The guitarwork of guitarist/vocalist and main composer Alex Colin-Tocquaine is clearly the focal point of Neverending Destiny. Emphasizing speed is hardly a novelty, but the riffcraft — surprisingly varied for the genre — and mastery of texture and technique remains invigorating throughout the album. References to the ever-expanding book of metal riffology are extensive, with galloping 8th/16th note groupings and speed metal triplets lining up next to death metal-tinged single note picking as well as more unorthodox Voivod-ian chordings.

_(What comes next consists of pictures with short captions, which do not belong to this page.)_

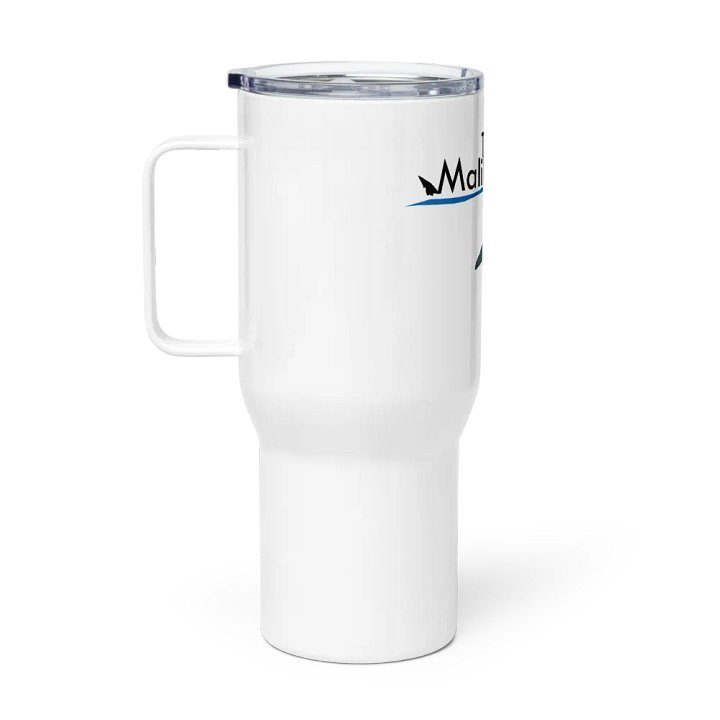 TheMalibuArtist Stainless Steel Travel Mug product image (2)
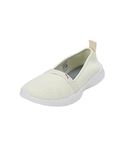 Puma Womens Adelina Pristine-Heartfelt-White Sneaker - 5UK (39500204)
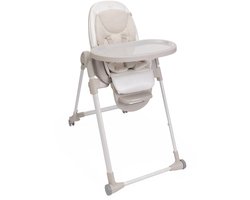 Chicco Polly Armonia Eetstoel - Motherpearl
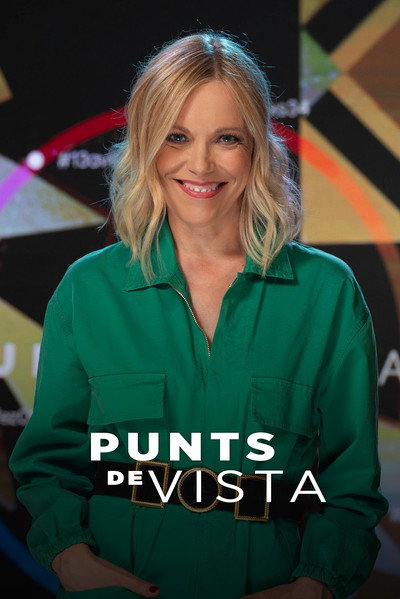 Póster de Punts de vista
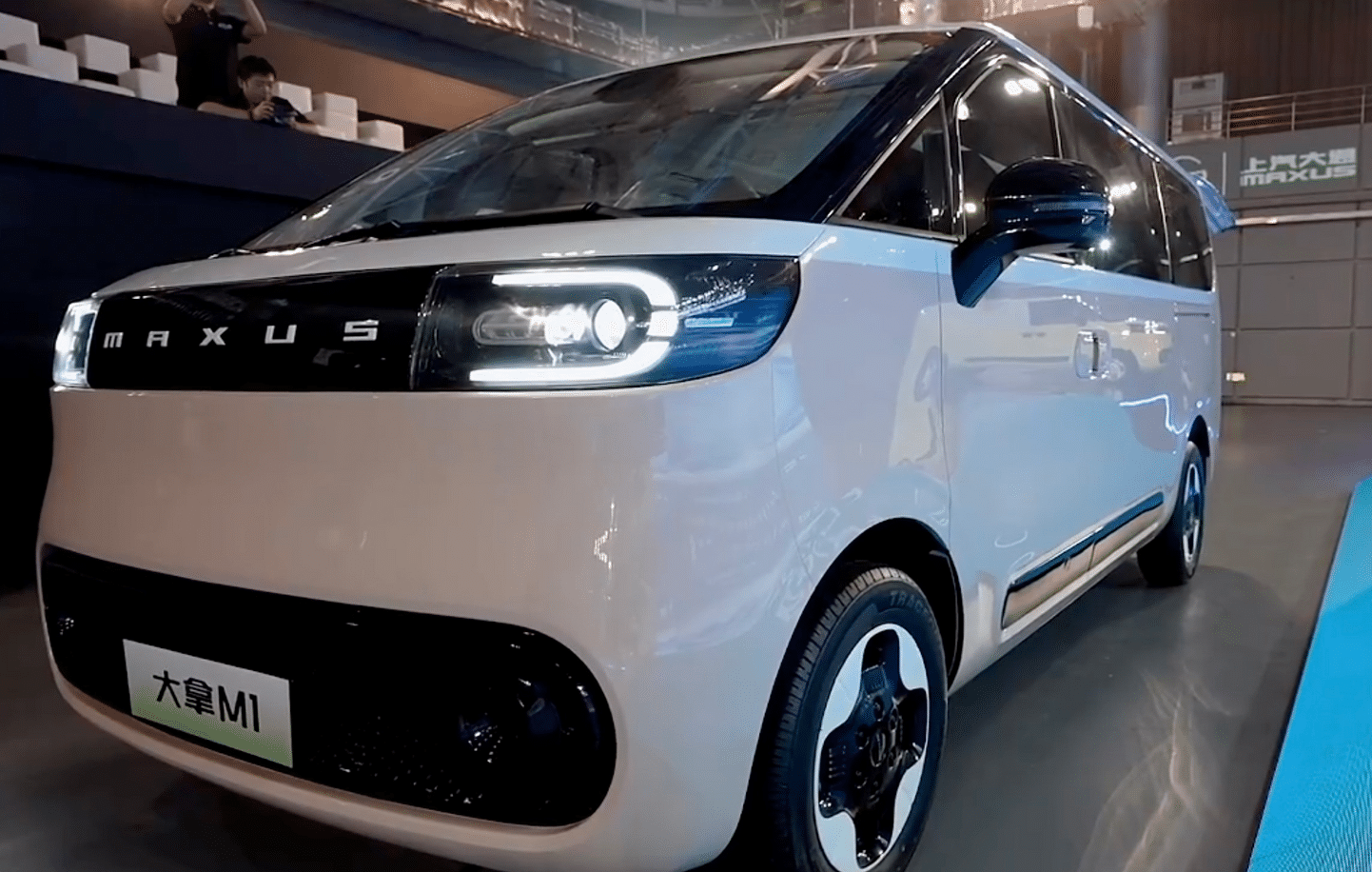 Maxus Dana M1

Rapid, open string pedal point riffs racing off towards vaguely melodic cadences betrays a grounding in the Teutonic school of underground metal, but gains a decidedly frenzied and determined character thanks to a higher degree of control in violent intensity. Songs lift off as stretches of choppy speed metal lead into liquid, tremolo-picked melodic sequences, effectively enacting dramatic change through manipulation of texture. Vocals and drums remain de-emphasized, but are no less important in their complementary roles. The former works as a hoarse counterpoint while the latter provides a checkered map in which the guitars can reign free, forming tangents and crossing lines at will.
At its best, this is music overflowing with propulsive energy. Unfortunately, most of it is lost due to lack of direction in the songwriting department. Riffs work reasonably well together, but ultimately lose their impetus inside looping verse/chorus-structures. As a result, much of the care gone into making songs distinguishable from each other is nullified, making Neverending Destiny a more monotonous experience than its promising elements would indicate.
While similar in style to their countrymen in Massacra, Agressor’s reluctance to expand their song-structures marks them as a thing of the past, leaving the listener with an impression of unfulfilled potential. As such, listening to Neverending Destiny is like watching a well-adapted predator hunting imagined prey inside a hamster wheel.